■ **Given information**:
....

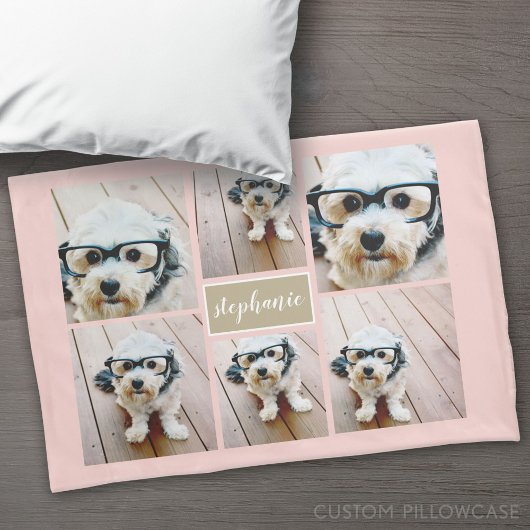 6フォトコラージュ名ミニマル – カラー編集可能 枕カバー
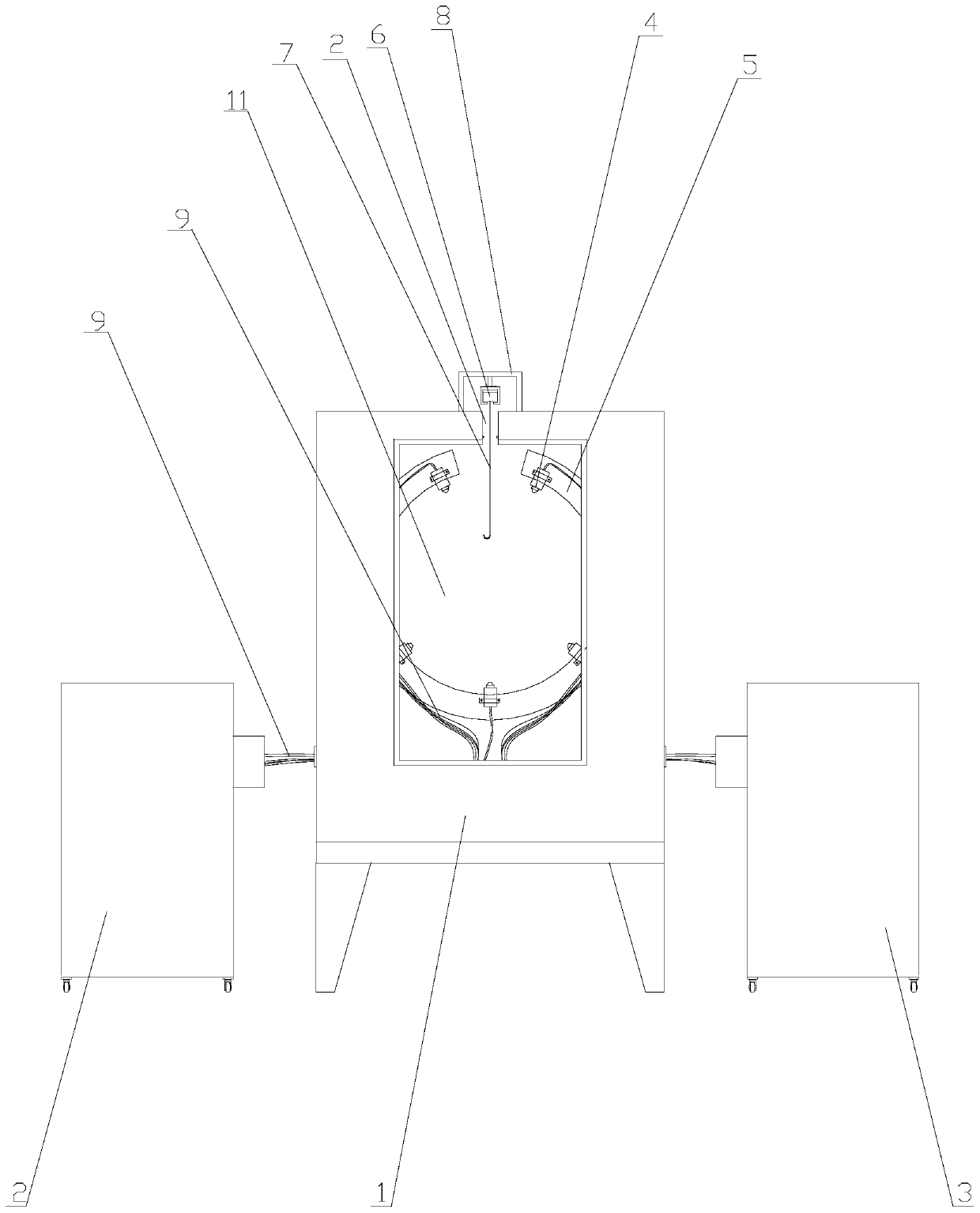 Automatic powder spraying device high in spraying efficiency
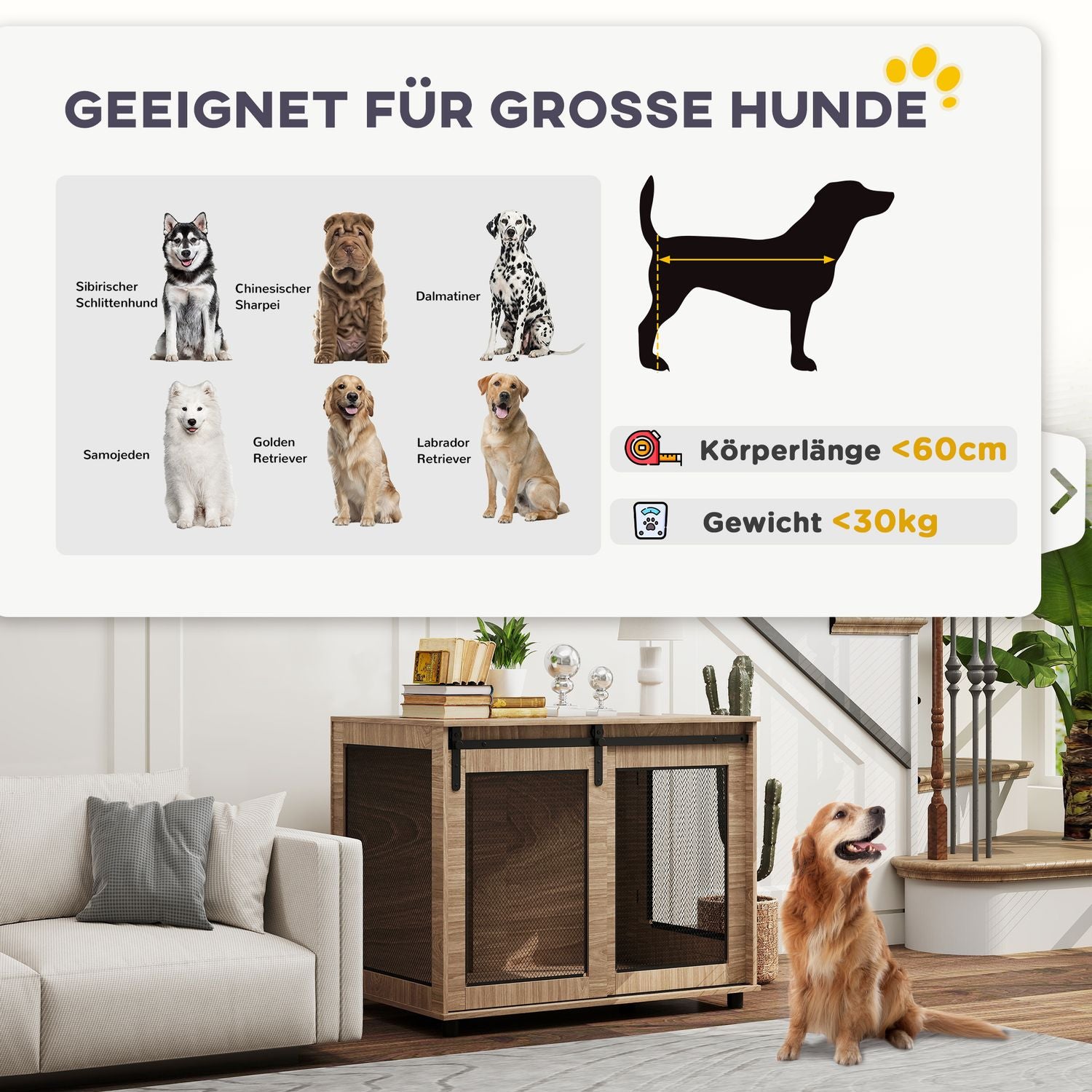 Hundbursmöbler, stort stål, 2-dörrars sidobord 98x60x78 cm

....

Give the listing again exactly, excluding pictures.

 6フォトコラージュ名ミニマル – カラー編集可能 枕カバー
 Automatic powder spraying device high in spraying efficiency
 Hundbursmöbler, stort stål, 2-dörrars sidobord 98x60x78 cm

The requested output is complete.